E a Fernanda, é meio suspeito eu falar pelo laço de amizade, mas ela está no mesmo patamar. Eu gosto, sobretudo, Luc, de pessoas éticas e honestas. A pessoa pode ser uma péssima profissional, não saber escrever, mas pra mim tem de ser gente decente. A Fernanda não só é uma excelente jornalista e assessora como é uma pessoa que considero exemplar. Eu tenho um respeito profundo e imensurável por ela. É alguém que carrego pro resto da vida. E para quem estou devendo o próximo almoço.

Luc – Qual seu conselho ou alerta básico a futuros jornalistas que o procuram atrás disso?
Victor – Teoricamente, quem tem conhecimento (acompanha corrida, tem bom português e inglês, quem se interessa pelo assunto). Na prática, hoje estão indo muitos jovens (e até nem tanto) que gostam de corrida e se contentam em tirar foto e falar pelo Twitter com os pilotos. A dica que posso dar não deve fugir a nenhuma que qualquer um daria: aperfeiçoar-se, ser um diferencial, ir atrás, ter fontes confiáveis, checar a informação, ouvir os dois lados, jamais inventar algo, as regras básicas do jornalismo. E procurar saber do que e de quem está falando: mergulhar nas histórias dos pilotos e das equipes, saber o que significam os termos, ter noções básicas da parte técnica de um carro, conhecer as pistas. Conhecer. Saber. É o que vale. E muito.

Os caras do meio

Vá lá que o título da nova série seja digno, no máximo, de um prêmio bóbil, questionável comenda imaginária que resulta de uma brincadeira de determinada confraria que integrei. Ele próprio, “Os caras do meio”, reproduz uma outra piada interna, que não vem ao caso. Não me costa, no entanto, aproveitar esse espaço tão desconexo para apresentar aos que me leem – que não são tão poucos quanto eu pensava – sujeitos que são, cada qual a seu modo e a sua grandeza, referência nesse ofício ao qual me lancei meio que por acaso, o jornalismo voltado ao automobilismo.

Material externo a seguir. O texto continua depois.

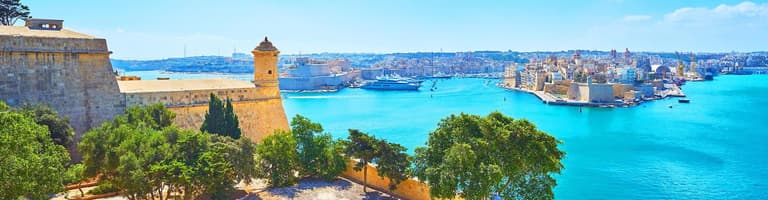 7 gecə. Malta, İspaniya, Fransa, İtaliya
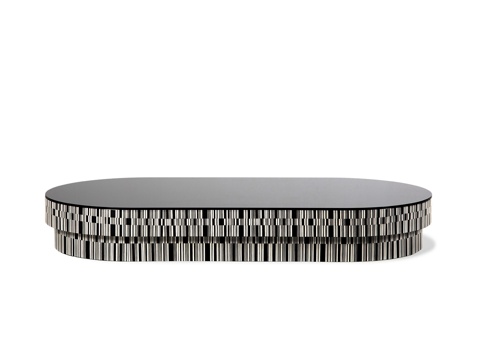  CORNELIO CAPPELLINI 意式黑白地柜3d模型 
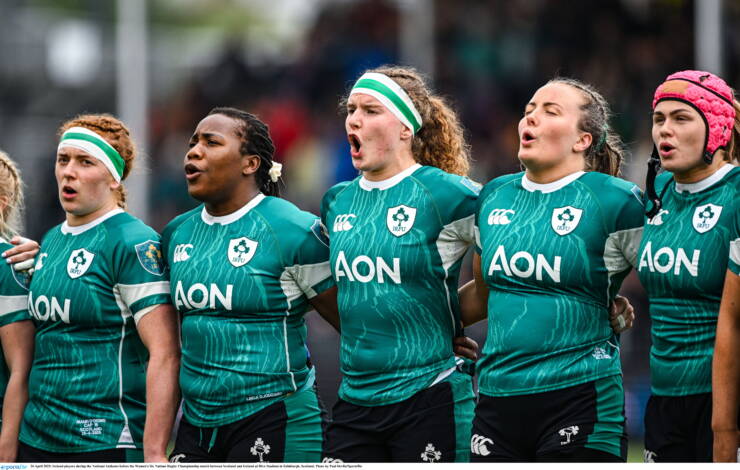Group Bookings Now Available For Ireland’s Guinness Women’s Six Nations Campaign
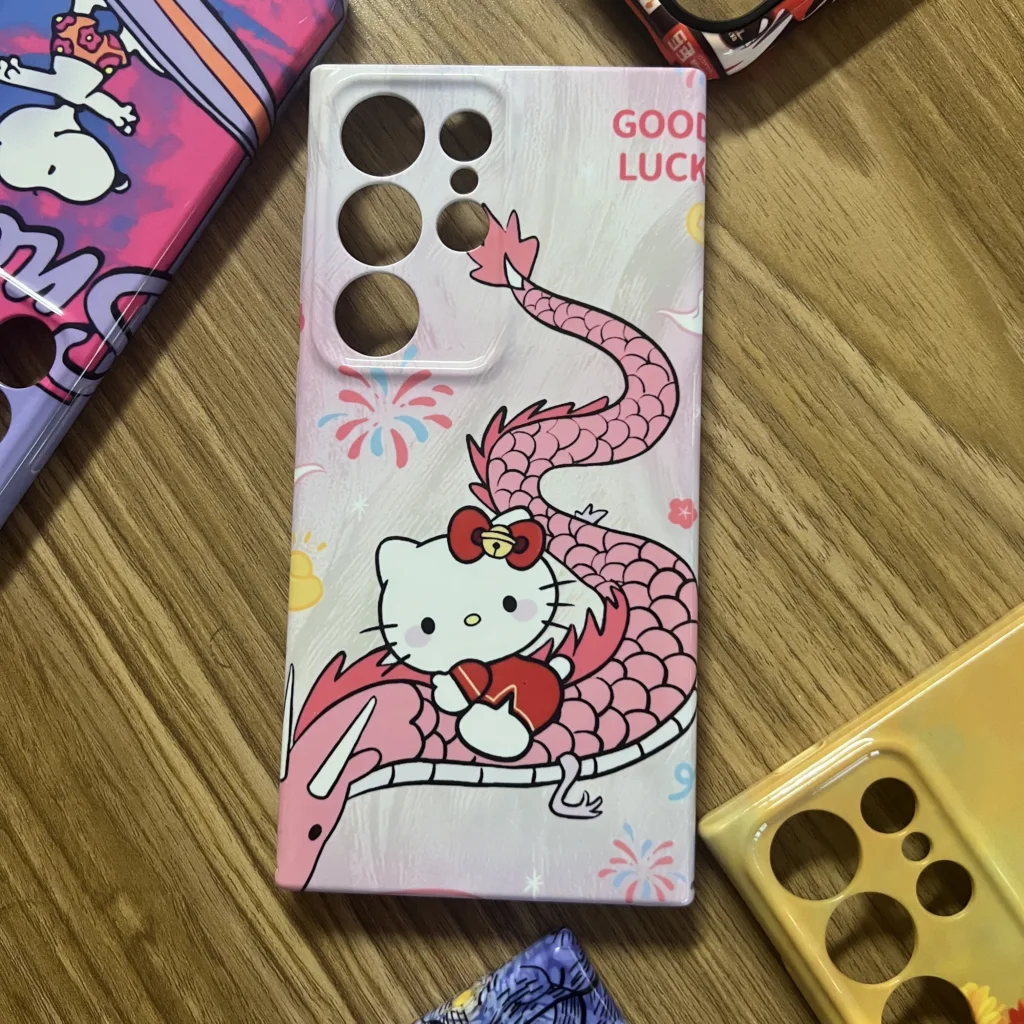 daqin diy phone case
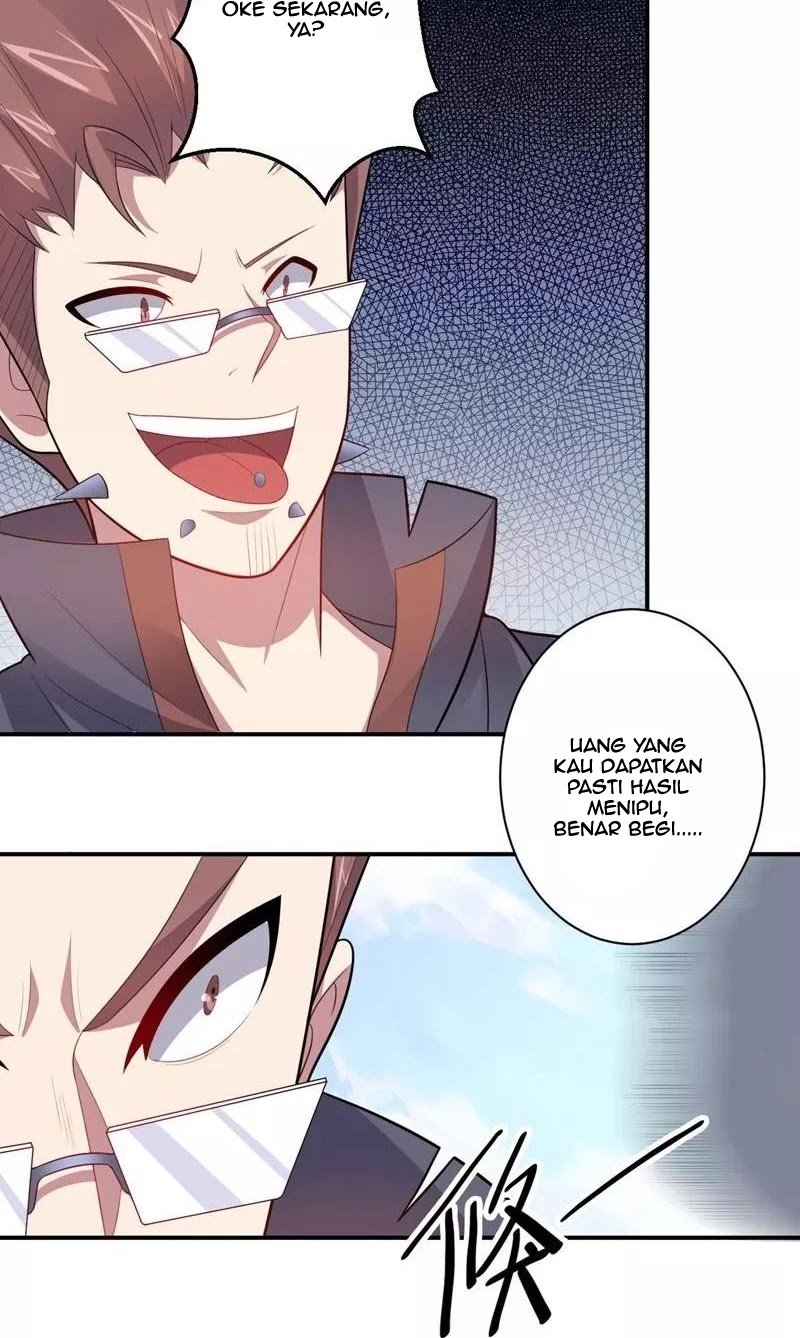 Big Hero’s Girlfriend is Super Fierce! Chapter 75 - halaman 21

Já foram muitas as séries lançadas aqui no blog, algumas tiveram sequência, outras morreram na casca. Lanço mais uma, “Os caras do meio”, sob a pretensa meta de intercalar semanalmente perfis de escrevinhadores e faladores do automobilismo. Sempre usando como muleta minha ciência de que o BLuc não é produto jornalístico, mas algo que segue a lógica de “querido diário”, assumo comigo mesmo apenas o compromisso de converter em personagens momentâneos aqueles que aproximam o público do mundo das corridas com seu trabalho em emissoras de rádio e TV, em revistas, em sites, em jornais.

Em meio à correria da terça-feira, penúltimo dia de expediente físico aqui na agência, vou tratando de editar aqui a primeira entrevista, que fiz no último fim de semana. Ficou bacana, e bem mais extensa do que supus. É bem possível (até provável, eu diria) que só consiga colocá-la no ar amanhã cedo, antes de encarar céus e estradas na jornada dupla que me aguarda no fim de semana. Enfim, quem quiser pode ficar à vontade para tentar adivinhar o nome do primeiro personagem da série. Que é um cara batuta, por assim dizer.